▶ _Task instructions_:
Starting at the line containing "T-Tap Wire Connector dimension reference" and ending at the line containing "Adolphe Adam O", transcribe the listing below exactly. Keep both end lines, skip the pictures, and copy nothing else.

▶ _Supplied data_:

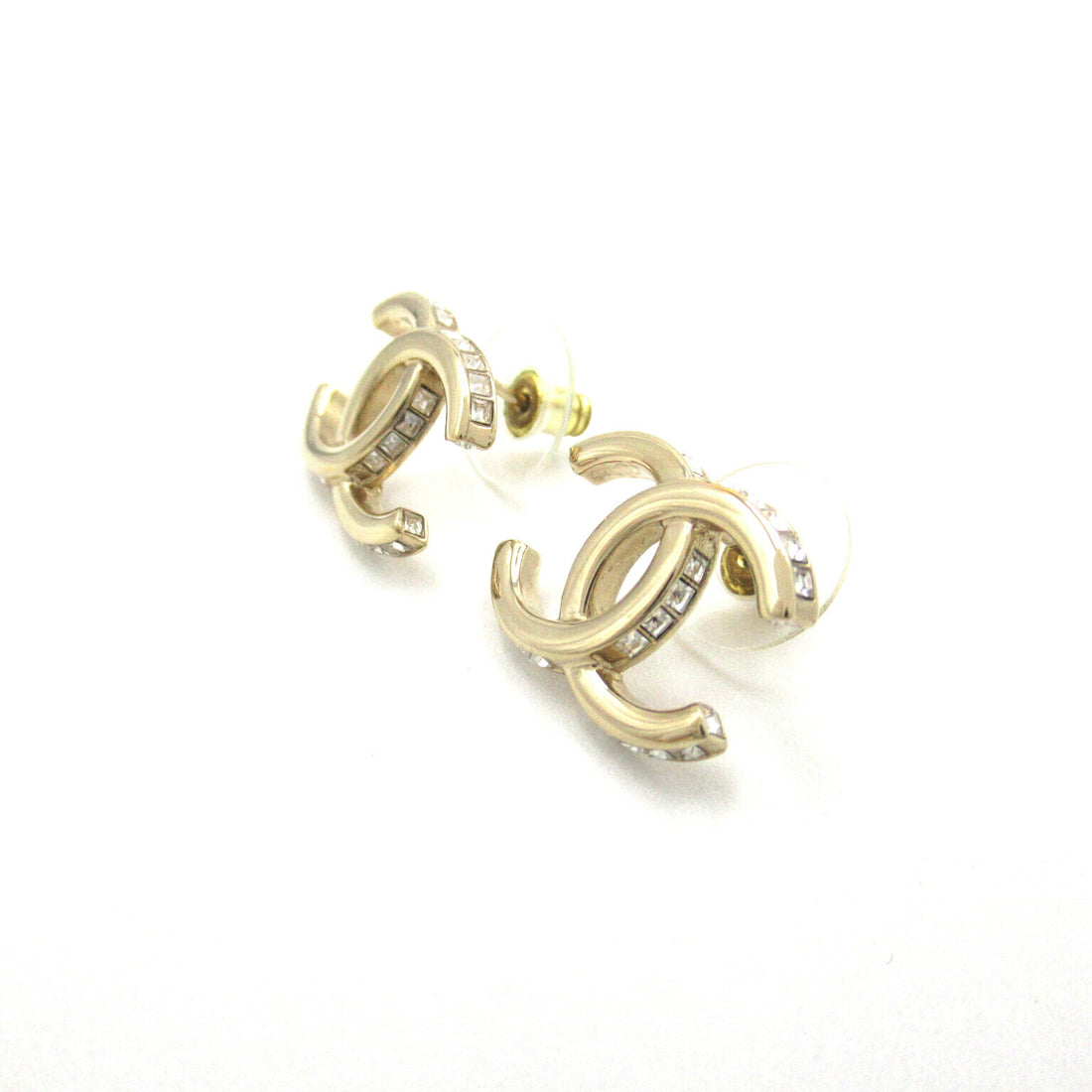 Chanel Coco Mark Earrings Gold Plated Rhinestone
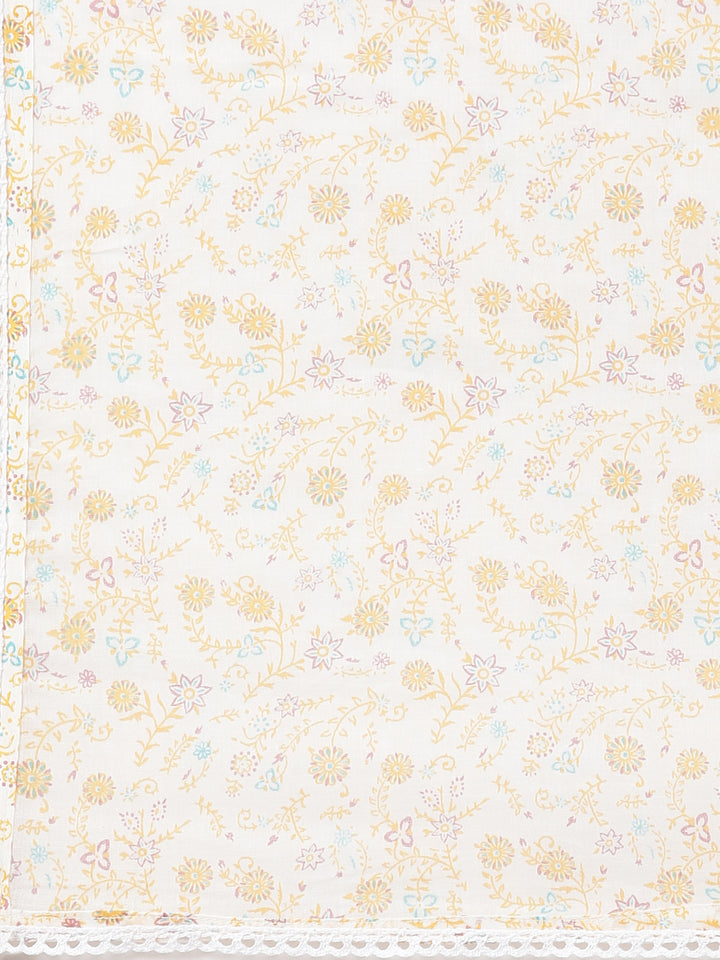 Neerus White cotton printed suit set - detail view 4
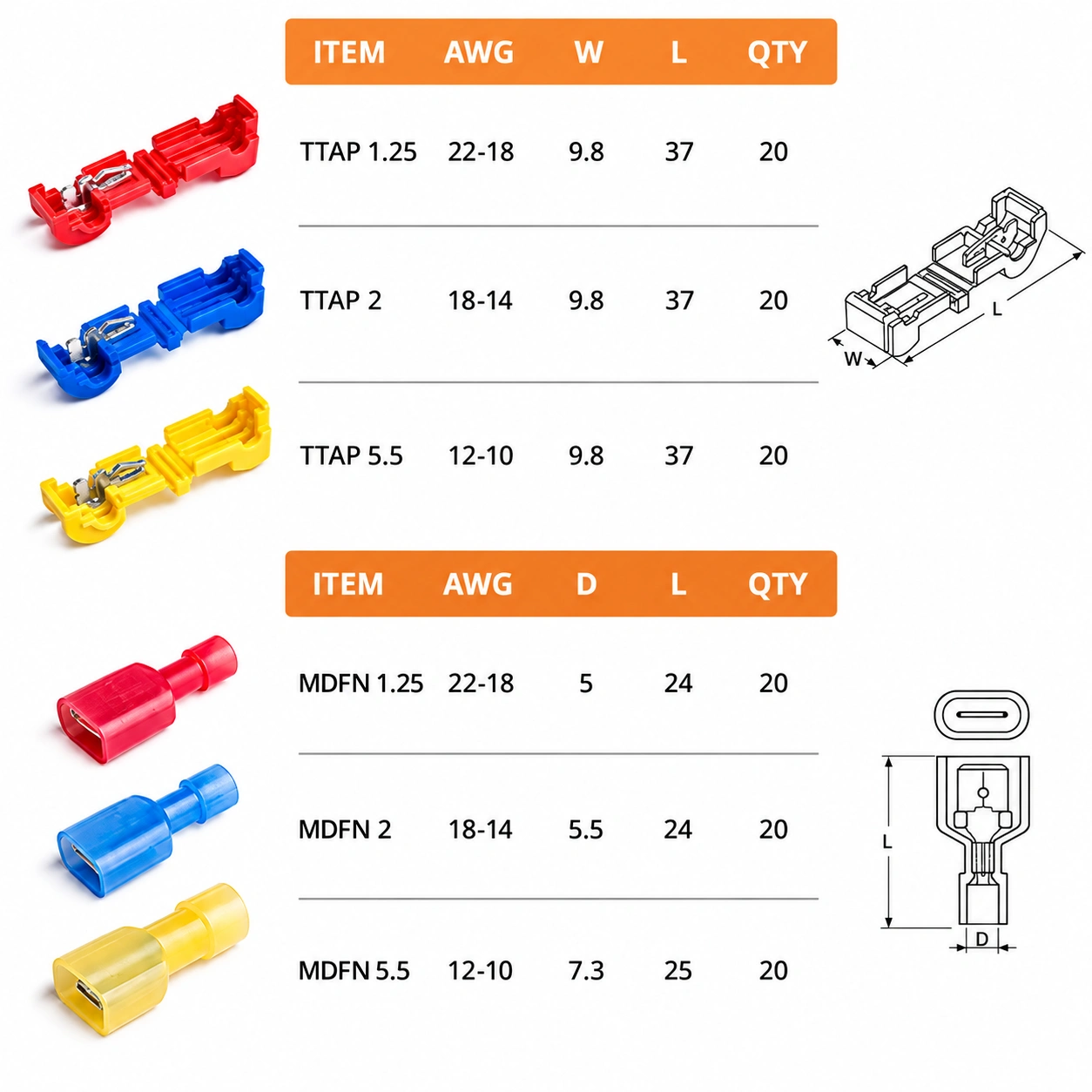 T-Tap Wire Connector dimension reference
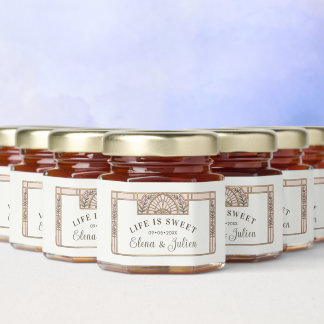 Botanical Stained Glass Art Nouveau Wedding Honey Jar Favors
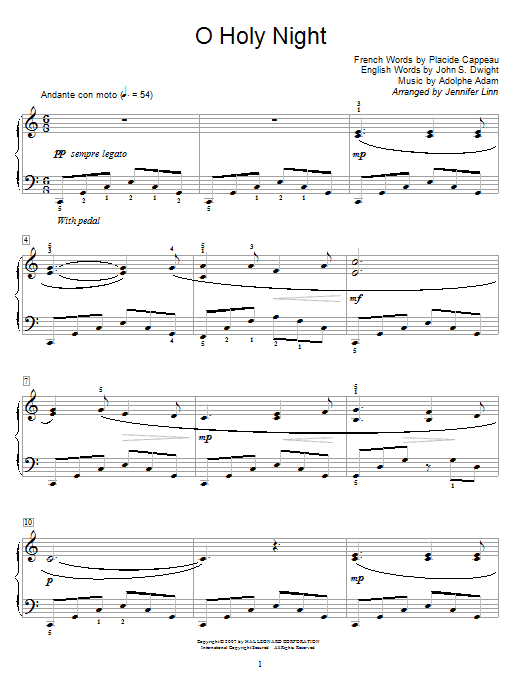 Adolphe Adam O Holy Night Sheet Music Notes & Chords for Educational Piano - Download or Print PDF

---

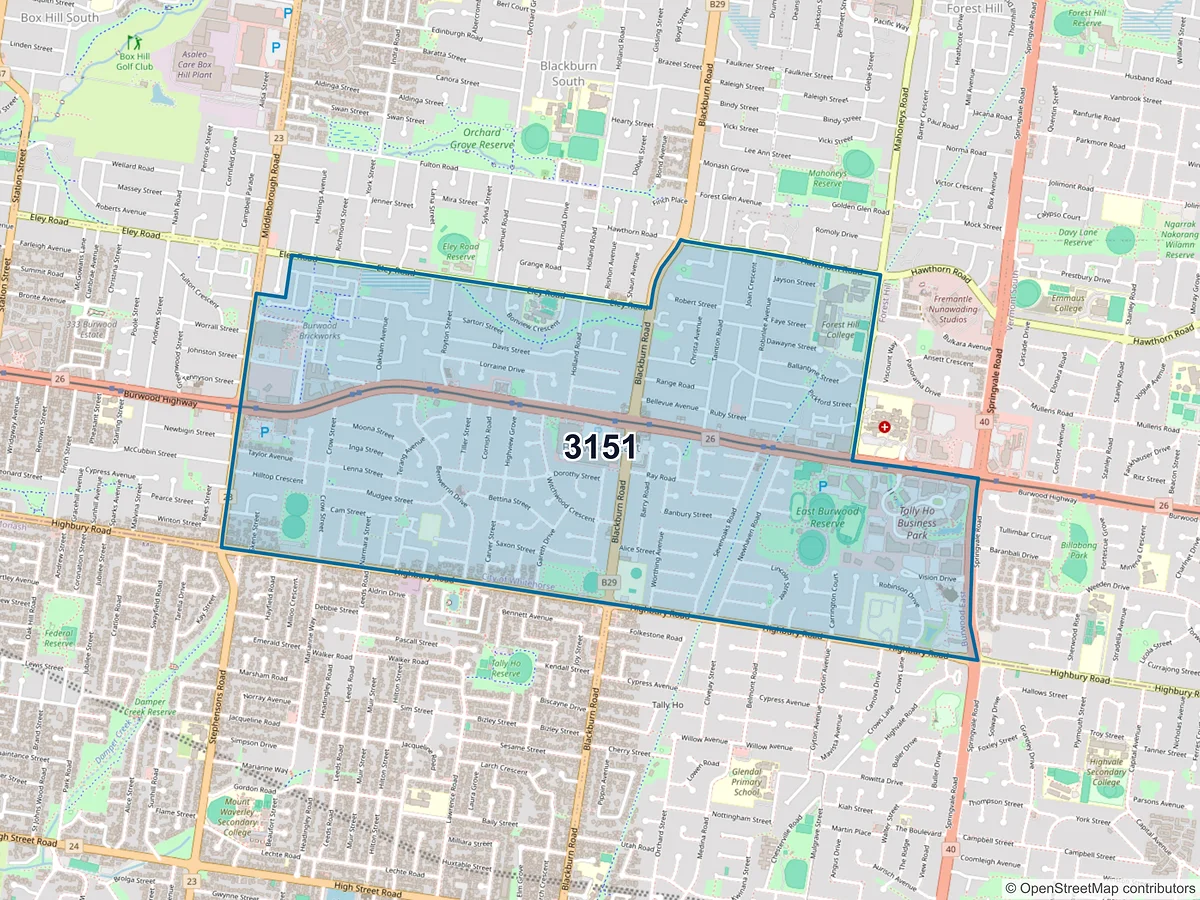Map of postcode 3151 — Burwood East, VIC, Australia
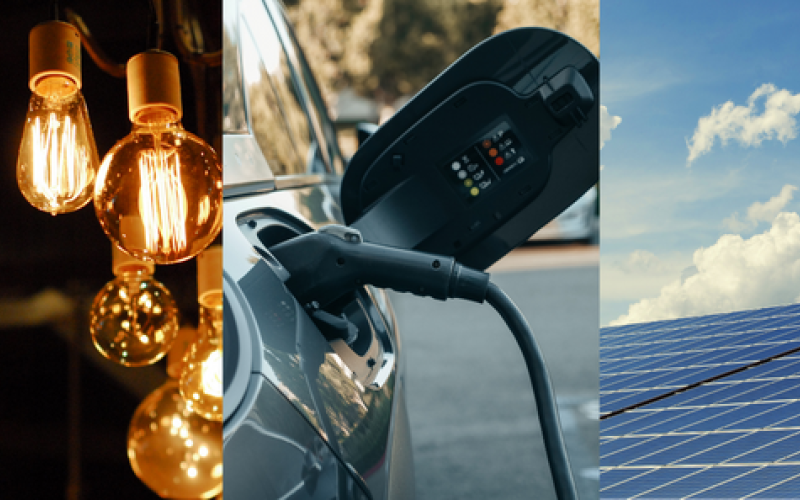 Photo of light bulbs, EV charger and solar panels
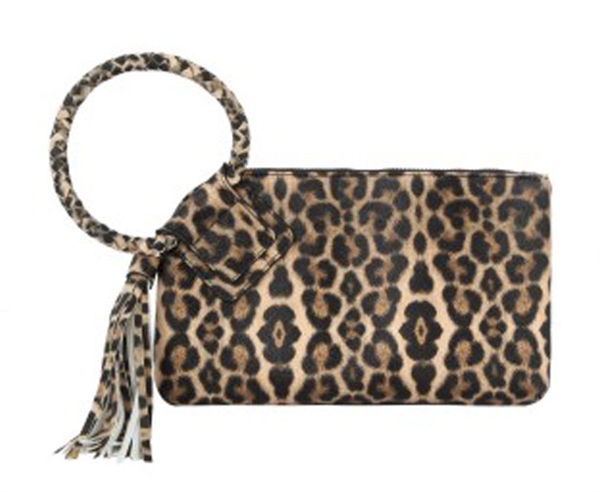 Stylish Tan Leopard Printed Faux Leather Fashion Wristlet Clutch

▶ _Answer area_:
 T-Tap Wire Connector dimension reference
 Botanical Stained Glass Art Nouveau Wedding Honey Jar Favors
 Adolphe Adam O Holy Night Sheet Music Notes & Chords for Educational Piano - Download or Print PDF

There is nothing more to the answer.